Share your dilemmas and get honest opinions from other Mumsnetters.

To not feel happy about 6 year old ds being 'tested' on fake words? Phonics.

318 replies

OHforDUCKScake · 13/06/2013 19:11

And is this something all year one pupils have to do?

So the children learn the phonics, 'oa' 'air' 'ng' and so on.

Now, the government, since last year, want to test them on it. If they get a certain amount wrong, they fail and have to do it again.

The thing is, the way they test them is to give them fake words to check they really do know their phonics. Hmm

They will be given 20 real words and 20 fake workds and they have to get 34 out of 40 or their fail.

So, as long as they can read toast, fair, treat

As well as taim, roaf, rait

Then they will be ok.

I dont know where to start, honestly. First of all, testing them just so the government can see what the deal is, using them as guinea pigs it feels like. They are only 6!

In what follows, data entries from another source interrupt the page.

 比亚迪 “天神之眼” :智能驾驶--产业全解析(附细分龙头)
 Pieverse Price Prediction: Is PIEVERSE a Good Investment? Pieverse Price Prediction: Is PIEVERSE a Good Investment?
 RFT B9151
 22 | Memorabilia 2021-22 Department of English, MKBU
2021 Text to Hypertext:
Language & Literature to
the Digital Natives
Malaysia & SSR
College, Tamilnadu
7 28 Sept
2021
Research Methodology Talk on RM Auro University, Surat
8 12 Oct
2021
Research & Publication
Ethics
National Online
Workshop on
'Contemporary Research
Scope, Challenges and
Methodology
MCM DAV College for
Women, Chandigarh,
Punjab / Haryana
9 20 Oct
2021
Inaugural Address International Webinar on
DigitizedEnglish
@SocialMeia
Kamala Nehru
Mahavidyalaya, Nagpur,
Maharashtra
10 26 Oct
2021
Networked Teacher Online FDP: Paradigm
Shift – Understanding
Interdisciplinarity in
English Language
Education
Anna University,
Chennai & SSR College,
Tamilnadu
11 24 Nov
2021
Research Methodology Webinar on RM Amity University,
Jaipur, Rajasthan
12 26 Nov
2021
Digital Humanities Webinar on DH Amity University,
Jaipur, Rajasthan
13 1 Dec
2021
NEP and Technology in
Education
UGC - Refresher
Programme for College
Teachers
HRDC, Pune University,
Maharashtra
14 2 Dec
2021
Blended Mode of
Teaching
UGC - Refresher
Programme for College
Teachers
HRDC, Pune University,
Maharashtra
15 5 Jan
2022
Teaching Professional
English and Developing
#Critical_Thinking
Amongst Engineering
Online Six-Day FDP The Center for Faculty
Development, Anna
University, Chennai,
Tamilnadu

Secondly, the weeks leading up to the test they have been teaching them fake non-words. Hmm

A test? At 6? That they can fail?

I asked if we were obliged to do this? Teachers are, and parents are. I have no choice but to let my son have the bullshit test.

If AIBU then thats fine, but he is our first so we dont know the drill and he is already struggling in some areas so possibly a little more sensitive than usual to him being taught bullshit words and being tested on them.

OP posts:
Feenie · 14/06/2013 19:14

I don't think it would hurt anyone to have up to date phonics training - most teachers are happy to say they are improving all the time.

It was the teaching of 'can't be sounded out' which was worrying.

Pozzled · 14/06/2013 19:20

Blackholes You explicitly stated that 'have' is a word that 'can't be sounded out'. You now say the same about 'said' if I am reading the post correctly. Both assertions are simply untrue, I believe they are unhelpful for children and statements like that are part of the reason that people are so against phonics teaching- as seen on this thread.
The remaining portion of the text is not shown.